In the field of textile art and design mathematics seems to have advanced the design of textiles, particularly in the field of technical textiles, e.g., models for entangled fibers (Lee and Ockendon 2005). Mathematics can also benefit the textile industry through the use of exact calculation (Woodhouse and Brand 1920, 1921). A more contemporary example is the “132 5. ISSEY MIYAKE” fashion collection that employed the mathematics of folding (Issey Miyake Inc 2018).
On the other hand, mathematicians have noticed the potential for the expression of mathematical concepts through textiles. A complex mathematical idea can be transformed into a material object to demonstrate proof of concept. Crocheting, knitting, and weaving are textile techniques that mathematicians often use to explore and communicate a variety of mathematical concepts. For example, the properties of the Lorenz Manifold are explicitly conveyed by through a crochet piece made from its computer-generated images (Osinga and Krauskopf 2004, 2014). Taimina (2009) uses crocheted models to illustrate the concept of hyperbolic geometry. Harris (1988, 1997) examines the mathematical content of various textile activities and illustrates how skills in mathematics can be acquired through the learning of textile crafts. She developed methods of teaching mathematics through looking at domestic textile craft objects. She used textiles to visualize mathematical concepts, such as symmetry, pairs, patterns, sets, lattices, tension, nets and solids, visual, tactile, and three-dimensional.
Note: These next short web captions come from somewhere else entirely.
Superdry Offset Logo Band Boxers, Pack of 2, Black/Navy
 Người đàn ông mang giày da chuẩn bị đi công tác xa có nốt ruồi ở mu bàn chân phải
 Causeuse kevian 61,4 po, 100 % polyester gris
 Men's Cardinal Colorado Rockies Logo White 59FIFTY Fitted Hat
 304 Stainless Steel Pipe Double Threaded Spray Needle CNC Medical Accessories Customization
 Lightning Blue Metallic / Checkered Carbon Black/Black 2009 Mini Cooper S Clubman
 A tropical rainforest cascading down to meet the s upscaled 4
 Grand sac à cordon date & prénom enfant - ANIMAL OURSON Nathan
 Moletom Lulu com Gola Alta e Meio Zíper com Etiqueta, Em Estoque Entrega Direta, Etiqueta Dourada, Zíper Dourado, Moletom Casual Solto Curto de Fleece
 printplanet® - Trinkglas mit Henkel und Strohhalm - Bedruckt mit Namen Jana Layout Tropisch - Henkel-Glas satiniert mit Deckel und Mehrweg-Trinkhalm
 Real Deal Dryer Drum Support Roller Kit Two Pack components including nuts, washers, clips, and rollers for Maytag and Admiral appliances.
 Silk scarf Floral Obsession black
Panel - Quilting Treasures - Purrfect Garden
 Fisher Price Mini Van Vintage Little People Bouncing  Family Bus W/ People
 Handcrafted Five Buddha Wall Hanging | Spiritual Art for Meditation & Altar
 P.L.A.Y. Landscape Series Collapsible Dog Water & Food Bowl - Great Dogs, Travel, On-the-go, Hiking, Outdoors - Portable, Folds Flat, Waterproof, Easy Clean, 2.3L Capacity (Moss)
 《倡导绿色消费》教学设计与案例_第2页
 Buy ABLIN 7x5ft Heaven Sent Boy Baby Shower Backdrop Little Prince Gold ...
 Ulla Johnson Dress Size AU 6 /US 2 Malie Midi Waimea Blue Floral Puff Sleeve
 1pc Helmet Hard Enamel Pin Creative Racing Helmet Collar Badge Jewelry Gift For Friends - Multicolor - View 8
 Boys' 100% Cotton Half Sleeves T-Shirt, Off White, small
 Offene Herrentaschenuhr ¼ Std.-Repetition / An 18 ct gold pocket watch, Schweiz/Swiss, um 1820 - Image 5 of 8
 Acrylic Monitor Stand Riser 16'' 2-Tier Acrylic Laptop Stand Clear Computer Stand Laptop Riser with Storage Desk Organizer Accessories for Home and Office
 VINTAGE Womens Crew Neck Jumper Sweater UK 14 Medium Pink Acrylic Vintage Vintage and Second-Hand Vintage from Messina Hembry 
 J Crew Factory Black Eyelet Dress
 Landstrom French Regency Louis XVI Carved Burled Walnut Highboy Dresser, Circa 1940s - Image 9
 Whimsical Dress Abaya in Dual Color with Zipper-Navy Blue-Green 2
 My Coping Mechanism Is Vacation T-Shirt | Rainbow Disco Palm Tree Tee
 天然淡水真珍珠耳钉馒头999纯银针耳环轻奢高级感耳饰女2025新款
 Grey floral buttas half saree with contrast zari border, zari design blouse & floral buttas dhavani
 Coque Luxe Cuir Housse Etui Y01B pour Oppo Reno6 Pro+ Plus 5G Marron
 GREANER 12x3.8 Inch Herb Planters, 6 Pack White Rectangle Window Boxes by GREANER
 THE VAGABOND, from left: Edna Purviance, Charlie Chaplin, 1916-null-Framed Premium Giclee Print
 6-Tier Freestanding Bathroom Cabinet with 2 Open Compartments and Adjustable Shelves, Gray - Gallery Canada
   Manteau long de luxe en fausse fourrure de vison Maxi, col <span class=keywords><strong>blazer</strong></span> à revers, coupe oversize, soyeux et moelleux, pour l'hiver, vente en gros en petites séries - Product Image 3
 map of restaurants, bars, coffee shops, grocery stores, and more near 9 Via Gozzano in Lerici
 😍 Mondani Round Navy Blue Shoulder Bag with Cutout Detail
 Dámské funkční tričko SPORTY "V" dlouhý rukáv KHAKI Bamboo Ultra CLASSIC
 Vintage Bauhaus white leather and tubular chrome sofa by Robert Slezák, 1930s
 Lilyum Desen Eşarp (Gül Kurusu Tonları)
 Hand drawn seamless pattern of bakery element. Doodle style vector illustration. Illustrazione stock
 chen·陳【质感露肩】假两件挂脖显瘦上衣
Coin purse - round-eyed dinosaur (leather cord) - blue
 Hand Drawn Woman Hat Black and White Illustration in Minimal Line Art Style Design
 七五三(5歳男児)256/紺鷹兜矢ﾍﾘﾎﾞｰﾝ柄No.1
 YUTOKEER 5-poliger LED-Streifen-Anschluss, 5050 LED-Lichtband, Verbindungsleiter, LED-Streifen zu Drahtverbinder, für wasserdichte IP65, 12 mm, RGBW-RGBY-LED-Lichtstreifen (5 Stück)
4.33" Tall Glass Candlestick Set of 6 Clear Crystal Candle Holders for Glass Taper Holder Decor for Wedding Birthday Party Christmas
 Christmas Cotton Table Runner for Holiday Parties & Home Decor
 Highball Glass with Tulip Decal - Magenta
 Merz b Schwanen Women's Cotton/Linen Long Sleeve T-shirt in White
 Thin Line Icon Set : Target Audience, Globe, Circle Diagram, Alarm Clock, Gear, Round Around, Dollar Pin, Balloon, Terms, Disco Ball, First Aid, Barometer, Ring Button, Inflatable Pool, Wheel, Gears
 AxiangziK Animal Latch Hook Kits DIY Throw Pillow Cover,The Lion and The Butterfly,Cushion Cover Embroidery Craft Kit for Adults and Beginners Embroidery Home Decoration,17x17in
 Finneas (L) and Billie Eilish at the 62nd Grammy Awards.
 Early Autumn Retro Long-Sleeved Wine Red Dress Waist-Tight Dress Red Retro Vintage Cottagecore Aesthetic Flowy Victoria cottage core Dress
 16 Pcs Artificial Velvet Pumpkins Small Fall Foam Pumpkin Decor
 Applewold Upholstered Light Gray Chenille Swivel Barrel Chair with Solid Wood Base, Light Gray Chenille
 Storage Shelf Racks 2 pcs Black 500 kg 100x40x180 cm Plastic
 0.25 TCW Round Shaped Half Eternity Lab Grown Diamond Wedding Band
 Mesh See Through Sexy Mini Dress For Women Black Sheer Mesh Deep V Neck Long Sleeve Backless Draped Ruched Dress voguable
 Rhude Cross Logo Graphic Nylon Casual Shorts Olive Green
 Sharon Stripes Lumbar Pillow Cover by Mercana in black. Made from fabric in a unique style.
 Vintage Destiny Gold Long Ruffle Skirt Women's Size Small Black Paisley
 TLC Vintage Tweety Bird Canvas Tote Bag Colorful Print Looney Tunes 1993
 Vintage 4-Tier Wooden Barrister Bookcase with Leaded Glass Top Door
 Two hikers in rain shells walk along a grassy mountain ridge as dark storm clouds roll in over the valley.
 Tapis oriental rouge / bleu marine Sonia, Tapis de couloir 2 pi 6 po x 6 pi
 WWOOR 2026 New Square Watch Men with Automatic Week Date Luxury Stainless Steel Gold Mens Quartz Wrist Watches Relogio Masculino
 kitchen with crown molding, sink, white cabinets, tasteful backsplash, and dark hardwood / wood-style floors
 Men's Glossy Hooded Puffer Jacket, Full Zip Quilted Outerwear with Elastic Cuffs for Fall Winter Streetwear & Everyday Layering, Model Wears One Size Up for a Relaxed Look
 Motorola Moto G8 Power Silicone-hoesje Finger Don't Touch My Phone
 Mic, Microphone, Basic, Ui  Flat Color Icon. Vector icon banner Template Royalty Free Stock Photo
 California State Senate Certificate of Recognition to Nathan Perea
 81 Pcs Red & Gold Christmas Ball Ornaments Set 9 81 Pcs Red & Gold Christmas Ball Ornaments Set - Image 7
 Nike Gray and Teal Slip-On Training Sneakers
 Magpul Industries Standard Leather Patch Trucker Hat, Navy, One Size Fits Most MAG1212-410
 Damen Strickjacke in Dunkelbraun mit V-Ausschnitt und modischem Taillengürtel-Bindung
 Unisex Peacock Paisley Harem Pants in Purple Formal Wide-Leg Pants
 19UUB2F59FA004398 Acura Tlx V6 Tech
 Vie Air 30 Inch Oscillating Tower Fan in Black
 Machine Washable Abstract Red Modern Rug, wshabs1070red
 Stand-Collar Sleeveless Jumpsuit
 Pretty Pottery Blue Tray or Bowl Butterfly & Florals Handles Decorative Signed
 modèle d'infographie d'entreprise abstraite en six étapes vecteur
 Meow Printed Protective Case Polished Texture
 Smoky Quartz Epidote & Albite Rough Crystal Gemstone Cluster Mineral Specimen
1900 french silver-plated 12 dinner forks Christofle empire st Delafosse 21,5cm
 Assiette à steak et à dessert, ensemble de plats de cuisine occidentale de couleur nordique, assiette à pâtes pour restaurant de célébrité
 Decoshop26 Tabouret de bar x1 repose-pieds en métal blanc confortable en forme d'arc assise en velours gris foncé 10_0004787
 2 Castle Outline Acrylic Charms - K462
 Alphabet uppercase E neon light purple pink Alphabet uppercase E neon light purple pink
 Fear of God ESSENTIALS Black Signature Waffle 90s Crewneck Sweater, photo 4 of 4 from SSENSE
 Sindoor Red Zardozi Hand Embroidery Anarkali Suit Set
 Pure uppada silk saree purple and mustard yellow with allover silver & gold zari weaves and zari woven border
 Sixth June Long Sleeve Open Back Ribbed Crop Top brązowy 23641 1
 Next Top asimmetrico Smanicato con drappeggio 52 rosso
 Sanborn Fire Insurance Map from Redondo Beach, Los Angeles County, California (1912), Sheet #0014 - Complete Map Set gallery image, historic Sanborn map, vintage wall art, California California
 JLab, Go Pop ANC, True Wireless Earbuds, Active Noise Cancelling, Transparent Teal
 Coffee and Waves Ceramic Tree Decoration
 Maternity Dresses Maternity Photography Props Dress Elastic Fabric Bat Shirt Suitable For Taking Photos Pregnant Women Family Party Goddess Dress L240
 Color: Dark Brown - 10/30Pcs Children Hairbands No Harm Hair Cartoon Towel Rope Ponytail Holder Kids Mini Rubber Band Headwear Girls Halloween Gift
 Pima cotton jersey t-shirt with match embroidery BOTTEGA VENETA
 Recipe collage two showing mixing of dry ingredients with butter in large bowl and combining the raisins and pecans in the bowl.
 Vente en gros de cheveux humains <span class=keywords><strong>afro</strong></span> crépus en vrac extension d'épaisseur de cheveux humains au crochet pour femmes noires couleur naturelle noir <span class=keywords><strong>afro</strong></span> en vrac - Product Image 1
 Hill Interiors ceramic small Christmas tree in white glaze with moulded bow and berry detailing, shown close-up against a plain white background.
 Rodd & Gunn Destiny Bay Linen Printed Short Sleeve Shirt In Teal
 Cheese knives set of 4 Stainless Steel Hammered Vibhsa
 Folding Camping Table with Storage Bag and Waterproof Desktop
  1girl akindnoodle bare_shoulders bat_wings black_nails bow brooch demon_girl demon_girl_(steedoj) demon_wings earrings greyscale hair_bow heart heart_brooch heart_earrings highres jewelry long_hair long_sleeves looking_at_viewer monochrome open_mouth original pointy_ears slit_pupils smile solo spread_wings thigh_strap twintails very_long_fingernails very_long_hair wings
This chapter focuses on the relationship between knotted textiles and mathematics. It examines ways in which textile knot practice can be analyzed and discussed through the use of mathematics. Mathematical concepts involved in the analysis and discussion consist of knot theory (braid theory included), Wang tiling, and Rhombille tiling. The chapter aims to shed light on the relationship between these concepts with textile knot practice, especially how knot practice utilizes mathematical knot diagrams and tiling notations as design tools to generate novel knot structures and patterns that would not be created otherwise.
Textile Knot Practice to Be Analyzed
The design and process of knotting paper string into any three-dimensional forms in Nimkulrat’s knot practice prior to the work presented in this chapter was purely intuitive, as no sketch/drawing was made before the actual knotting. The knotting basically followed the rhythmic and coordinated movement of the left and right hands, employing tacit knowledge. As Sennett (2008: 94) points out: “… much of the knowledge craftsmen possess is tacit knowledge – people know how to do something but they cannot put what they know into words.” It is also the case of Nimkulrat’s knot practice. When communicating how knotting process was made, the articulation tended to be limited to “left hand over” or “right hand starting.” This has been transformed since Nimkulrat’s encountering with a mathematic knot diagram and wondered if there was any relationship between textile knots and mathematical knots and, if so, whether this would reveal ideas for new design and make the process of knotting more explicit. In order to characterize this knot in terms of mathematical knot theory, it is necessary to consider some of the properties of mathematical knots.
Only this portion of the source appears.